▶ _What the task requires_:
All the data below goes into the copy word for word, but the pictures don't.

▶ _Stored data_:
────────────────────────────────────────

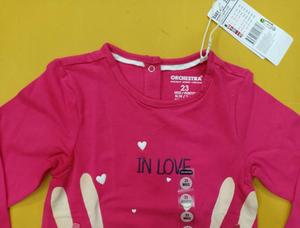 เสื้อผ้าสำเร็จรูปป้ายยี่ห้อ Surplus ของเด็กผู้หญิง,เสื้อบังคลาเทศผ้าฝ้ายคอกลมพิมพ์ลายแขนยาวลายทางสำหรับเด็กผู้หญิง - Product Image 2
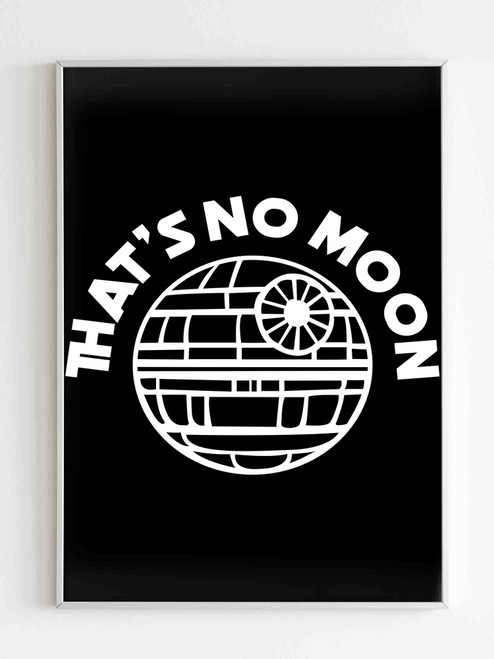 That Is No Moon Maternity Funny Star Wars Theme Poster That Is No Moon Maternity Funny Star Wars Theme Poster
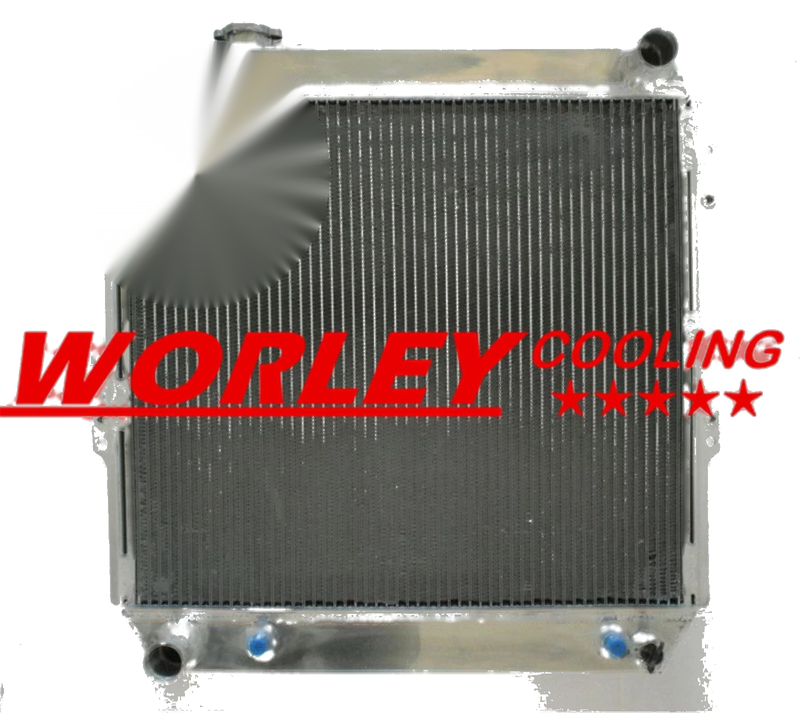 Toyota 4Runner Hilux VZN130 Aluminum Radiator + 16" Fan (1995-2002)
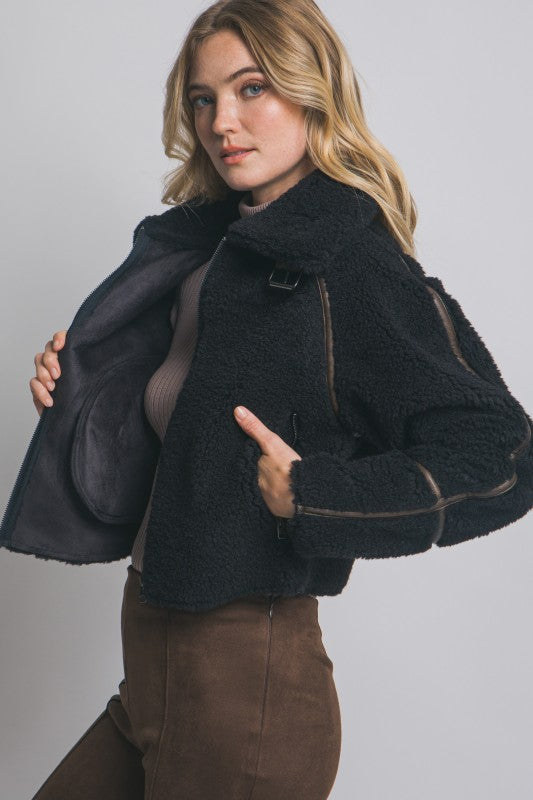 Aspen Ridge Sherpa Jacket (black)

────────────────────────────────────────

▶ _Exercise solution_:
 เสื้อผ้าสำเร็จรูปป้ายยี่ห้อ Surplus ของเด็กผู้หญิง,เสื้อบังคลาเทศผ้าฝ้ายคอกลมพิมพ์ลายแขนยาวลายทางสำหรับเด็กผู้หญิง - Product Image 2
 That Is No Moon Maternity Funny Star Wars Theme Poster That Is No Moon Maternity Funny Star Wars Theme Poster
 Toyota 4Runner Hilux VZN130 Aluminum Radiator + 16" Fan (1995-2002)
 Aspen Ridge Sherpa Jacket (black)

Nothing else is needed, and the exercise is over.